You'll find below a non exhaustive list of numpy functions that you may find useful when manipulating arrays. 

#### Sort, transform
- `np.sort(a)`: Returns sorted copy of an array along a specific axis (default = last axis)
- `np.absolute(a)`: Calculates absolute value element-wise 
- `np.concatenate(a1, a2, ...)`: Join a sequence of arrays along an existing axis.
- `np.hstack(tup)`: Stack arrays in sequence horizontally (column wise).
- `np.vstack(tup)`: Stack arrays in sequence vertically (row wise).

#### Search

- `np.nonzero()`: Return the indices of the elements that are non-zero.
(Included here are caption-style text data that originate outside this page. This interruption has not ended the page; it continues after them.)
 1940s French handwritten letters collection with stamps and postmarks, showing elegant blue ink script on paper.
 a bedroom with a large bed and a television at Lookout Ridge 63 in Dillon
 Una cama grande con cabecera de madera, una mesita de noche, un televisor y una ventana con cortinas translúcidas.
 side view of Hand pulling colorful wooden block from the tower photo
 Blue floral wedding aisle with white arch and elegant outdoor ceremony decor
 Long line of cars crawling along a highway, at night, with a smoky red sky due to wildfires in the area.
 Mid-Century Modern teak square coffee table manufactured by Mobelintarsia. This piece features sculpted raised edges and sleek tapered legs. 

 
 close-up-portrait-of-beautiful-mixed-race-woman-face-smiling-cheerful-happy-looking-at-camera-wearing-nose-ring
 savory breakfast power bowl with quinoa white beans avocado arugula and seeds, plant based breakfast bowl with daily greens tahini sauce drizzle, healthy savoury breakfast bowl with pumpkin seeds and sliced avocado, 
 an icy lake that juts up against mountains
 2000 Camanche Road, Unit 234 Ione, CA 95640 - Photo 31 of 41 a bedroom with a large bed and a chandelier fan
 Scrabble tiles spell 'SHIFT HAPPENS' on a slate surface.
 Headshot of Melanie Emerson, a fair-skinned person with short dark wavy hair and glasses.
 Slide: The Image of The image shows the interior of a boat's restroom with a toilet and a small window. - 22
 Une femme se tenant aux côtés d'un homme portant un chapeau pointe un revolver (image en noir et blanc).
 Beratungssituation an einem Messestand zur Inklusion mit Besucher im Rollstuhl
Returns indices of "True" if array of booleans. 
- `np.where(condition, [x, y])`: Return elements chosen from `x` or `y` depending on `condition`. If only condition is provided, it returns e.g. the indices for which the condition is verified. The function is then a shorthand for `np.asarray(condition).nonzero()`. Using `nonzero` directly should be preferred, as it behaves correctly for subclasses. 
- `np.searchsorted(a, v)`: Find indices where elements should be inserted to maintain order.
- `np.intersect1d(ar1, ar2)`: Intersection of 2 arrays. 
- `np.isnan()`: Test element-wise for NaN and return result as a boolean array.
- `np.setdiff1d(ar1, ar2)`: Return the unique values in `ar1` that are not in `ar2`.

#### Operations

- `np.convolve(a, v, mode='full')`: Returns the discrete, linear convolution of two one-dimensional sequences. 
- `np.nanmin(), np.nanmax(), np.nanmean(), np.nanmedian()`: Calculates min, max, mean, meadian of an array but ignoring NaNs. 
- `np.deg2rad()`, `np.rad2deg()`: converts degrees to radians and vice versa 
- `np.trapz(y)`: Integrate along the given axis using the composite trapezoidal rule.